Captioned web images
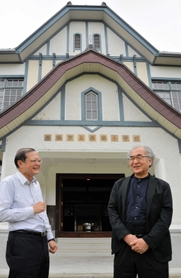 改修基本計画の策定に携わった神戸大の足立裕司名誉教授（右）と和田拓也校長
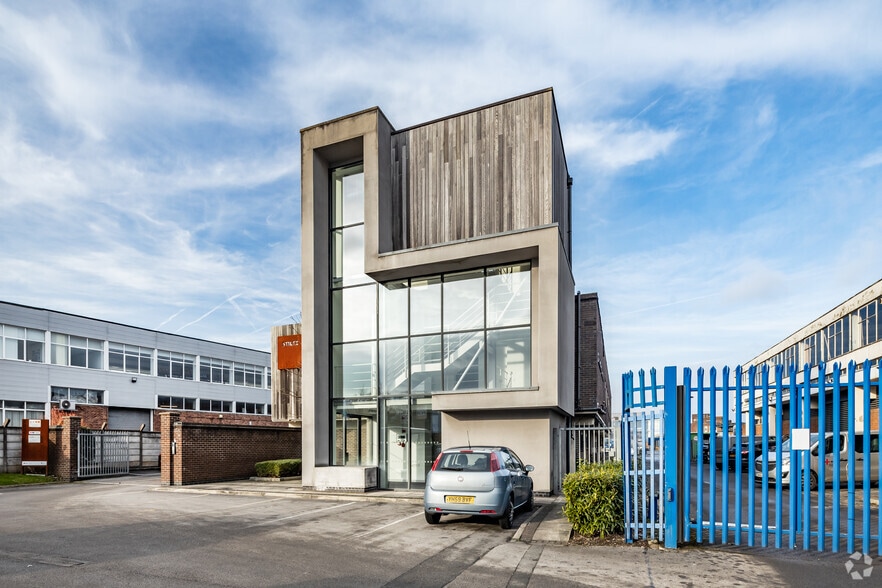 Ledson Rd, Manchester à louer - Photo de l’immeuble – Image 2 sur 8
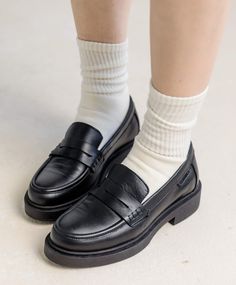 Socks For Loafers For Women, Black Penny Loafers For Women Outfits, Loafers With Socks Women, Loafers With Socks Outfit, Penny Loafers For Women Outfits, Socks With Loafers, Dress With Socks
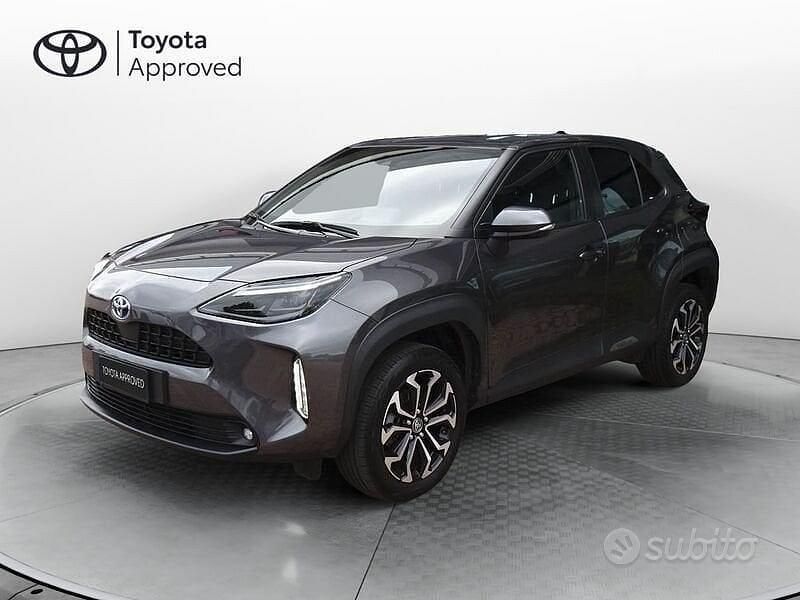 Grigio Usata 2021 Toyota Yaris Hybrid Trend SUV | 20.400 € (Buon prezzo) - Immagine 1/3
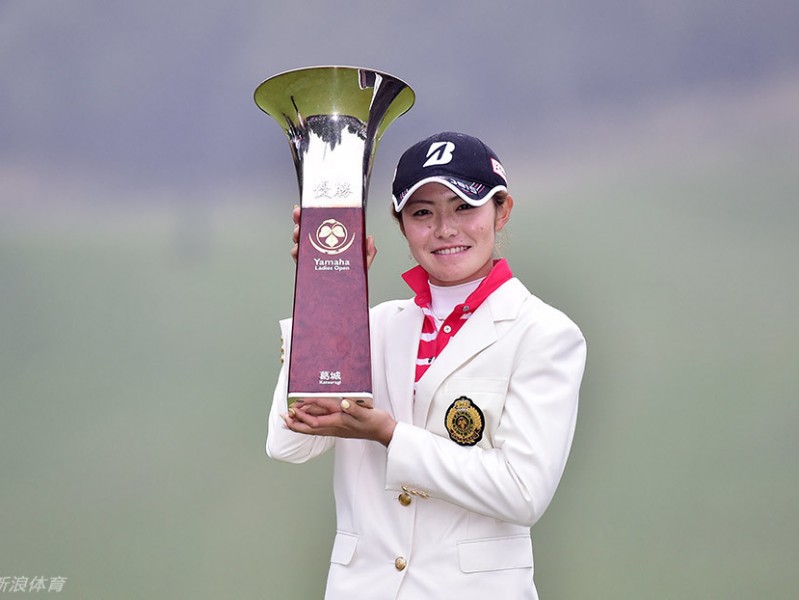 日巡赛场上的绽放与对决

* Problem to solve *
Each line from the one containing "Socks For Loafers" through the end of the records above is to be retyped exactly, with the pictures omitted and nothing added.

* Answer to this task *
 Socks For Loafers For Women, Black Penny Loafers For Women Outfits, Loafers With Socks Women, Loafers With Socks Outfit, Penny Loafers For Women Outfits, Socks With Loafers, Dress With Socks
 Grigio Usata 2021 Toyota Yaris Hybrid Trend SUV | 20.400 € (Buon prezzo) - Immagine 1/3
 日巡赛场上的绽放与对决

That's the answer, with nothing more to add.